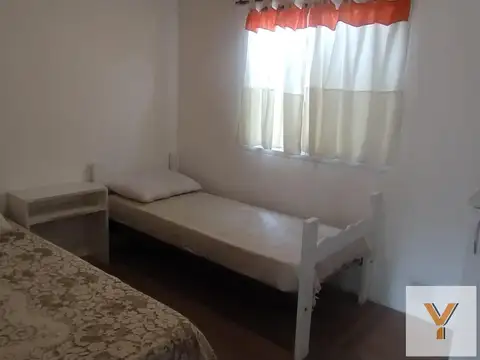 Casa en Alquiler en Mar del Plata, $ 690.000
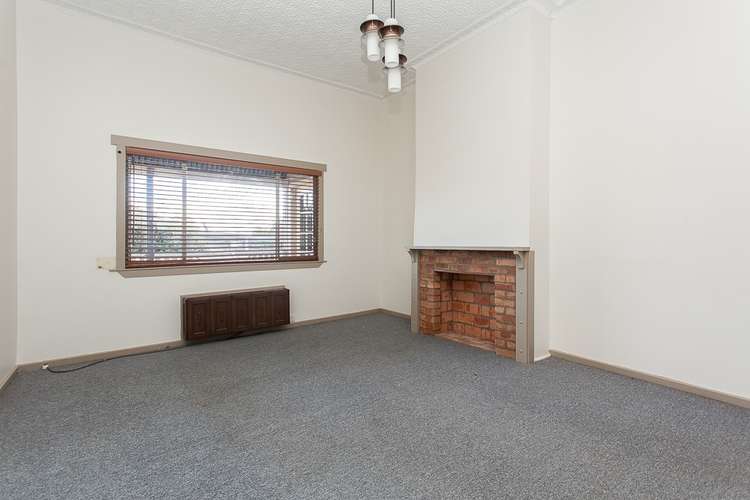 Sixth view of Homely house listing, 86 Aberdare Road, Aberdare NSW 2325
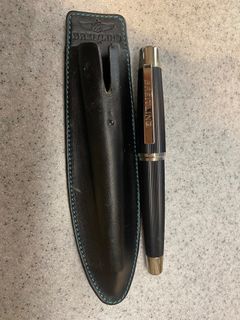 （分類：）位於 。 由 kabikabibbb 提交（商品編號 1377584479，圖片 1）。簡介： 。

* [TASK BRIEF] Extract the full listing exactly, with the pictures left out.

* [OUTPUT OF THE TASK]
 Casa en Alquiler en Mar del Plata, $ 690.000
 Sixth view of Homely house listing, 86 Aberdare Road, Aberdare NSW 2325
 （分類：）位於 。 由 kabikabibbb 提交（商品編號 1377584479，圖片 1）。簡介： 。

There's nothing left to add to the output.